Discordant results have been reported on TUS-positive and CXR–negative by other authors [2, 3, 13, 22]. Such discrepancies may result from Rx–negative small lung consolidations detected exclusively on TUS. Alternatively, they may stem from the different relationship between lung consolidations and the pleura, or from an alternative diagnosis (not CAP), or from the presence of sub-segmental lung focal areas of atelectasis beyond terminal bronchioles [23].

Our study has several strengths. Firstly, we prospectively validated our previous results by studying an independent large series of unselected patients. All patients of our series were managed in a substantially coherent way, at variance with previous studies suffering from a wide variability in criteria of admission [31], management, and discharge of pneumonia patients without follow up.
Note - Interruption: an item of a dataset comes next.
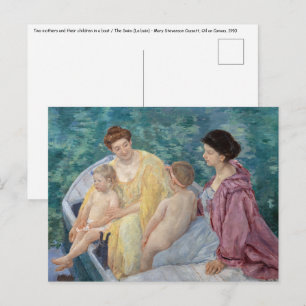Mary Cassatt – ボートで2人の母親と子供 ポストカード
Our study has some limits, too. In fact, we tried to mimic the common practice through the unselective inclusion of all patients coming to the emergency room of our hospital and being suitable for subsequent (repeated) observation in our Internal Medicine department. Such a design was aimed to reduce possible observational bias, but this way we excluded patients with an insufficient number of TUS assessments, which implied the exclusion of patients admitted to other units, including ICU. Accordingly, the number of recruited patients with more severe disease and with likely more significant co-morbidities and further complications was lower. On the other hand, the exclusion of those managed as outpatients also excluded less severe cases. In addition, all TUS were performed by a highly trained staff and this could undermine the generalizability of our results. Actually, TUS requires a technically experienced operator and appropriate machine settings [11, 12, 30]. The clinical assessment of TUS consolidation mostly depends on the subjective expertise of the ultrasound operator, as in most sonographic diagnoses. Interpretation of TUS is not the easiest component of any ultrasound course and has many pitfalls, mostly for false-negative results. This is a risk increased by over-confidence [21]. As a fact, the negative ethical and potential medico-legal implications of omitting a CXR (co-morbidity associated, intraparenchimal not subpleural consolidation and therefore incorrect or incomplete diagnosis), particularly when addressing the therapeutic choices, are evident [34].

Conclusion

In conclusion, we exclude that TUS could reliably replace CXR, and we confirm that the assessment of physical signs, CXR, and biomarkers such as procalcitonin and CRP, remain the pillars for the diagnosis of pneumonia. On the other hand, TUS represents a highly valuable complementary imaging procedure, which can be performed at bedside, and easily repeated after the initial assessment. Therefore we recommend its use as a complementary and monitoring tool.